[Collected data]

<<<<

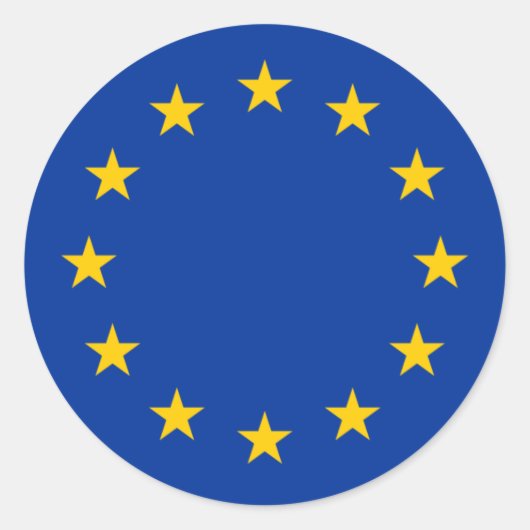 Sticker Rond Europe (Devant)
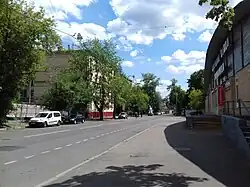 Леснорядская улица, вид от пересечения с Леснорядским переулком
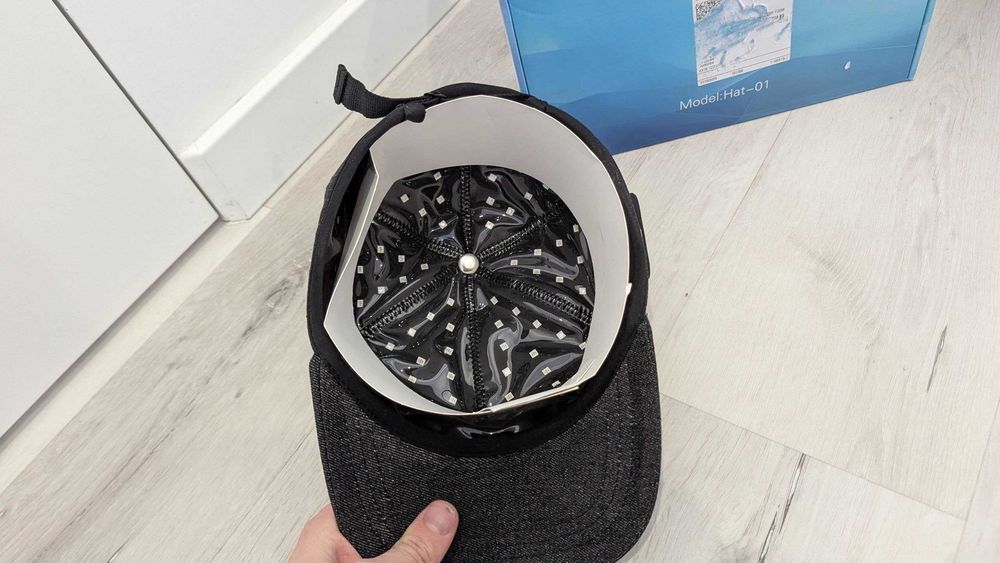 Лазерна кепка Laser Cap Hat-01 118 діодів 650nm для росту волосся LED терапія стимуляція проти випадіння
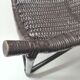 Vintage black rattan deck chair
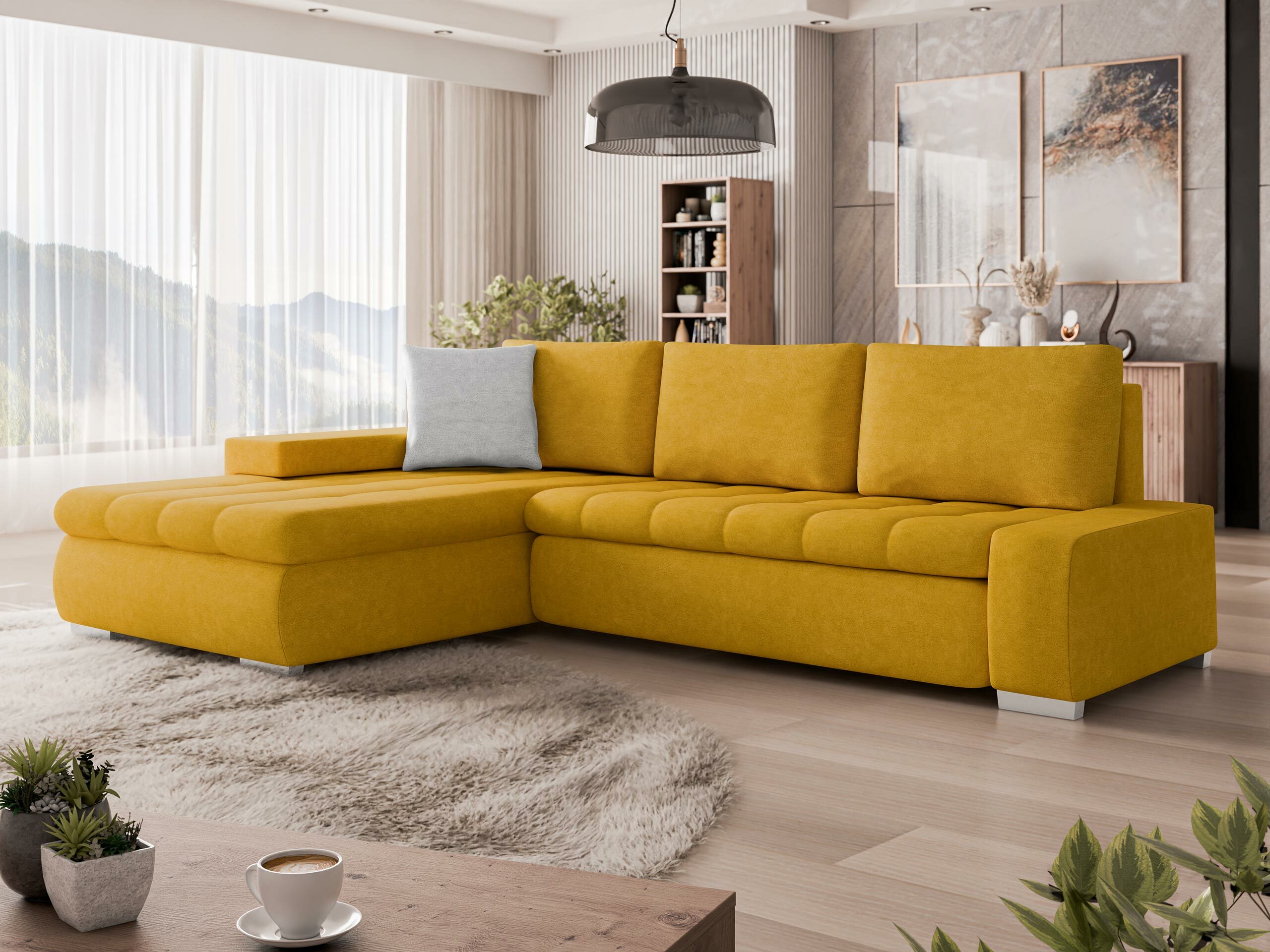 Ecksofa Comfivo 112 (Uttario Velvet 2959 + Uttario Velvet 2973)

>>>>

→ **Instructions to follow**
This exercise calls for the records to be given again exactly, without the images.

→ **Task response**
 Sticker Rond Europe (Devant)
 Леснорядская улица, вид от пересечения с Леснорядским переулком
 Лазерна кепка Laser Cap Hat-01 118 діодів 650nm для росту волосся LED терапія стимуляція проти випадіння
 Vintage black rattan deck chair
 Ecksofa Comfivo 112 (Uttario Velvet 2959 + Uttario Velvet 2973)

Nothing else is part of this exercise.